Analysis of the Model Climate Sensitivity Spread Forced by Mean Sea Surface Temperature Biases

Abstract

Abstract Uncertainties in the numerical realization of the physical climate system in coarse-resolution climate models in the Coupled Model Intercomparison Project phase 3 (CMIP3) cause large spread in the global mean and regional response amplitude to a given anthropogenic forcing scenario, and they cause the climate models to have mean state climates different from the observed and different from each other. In a series of sensitivity simulations with an atmospheric general circulation model coupled to a Slab Ocean Model, the role of differences in the control mean sea surface temperature (SST) in simulating the global mean and regional response amplitude is explored. The model simulations are forced into the control mean state SST of 24 CMIP3 climate models, and 2xCO2 forcing experiments are started from the different control states.
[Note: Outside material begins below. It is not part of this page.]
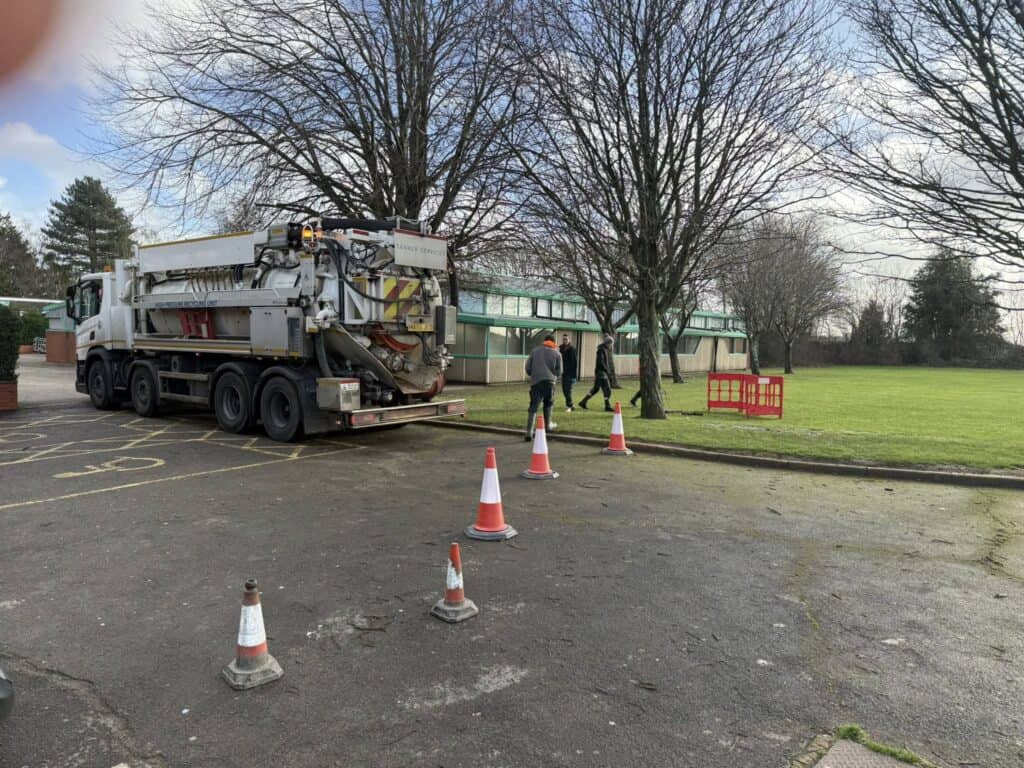 Drainage vehicle performing soakaway and silt removal at Holbury School, Holbury.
The differences in the SST mean state cause large differences in other climate variables, but they do not reproduce most of the large spread in the mean state climate over land and ice-covered regions found in the CMIP3 model simulations. The spread in the mean SST climatology leads to a spread in the global mean and regional response amplitude of about 10%, which is about half as much as the spread in the response of the CMIP3 climate models and is therefore of considerable size. Since the SST climatology biases are only a small part of the models’ mean state climate biases, it is likely that the climate model’s mean state climate biases are accounting for a large part of the model’s climate sensitivity spread.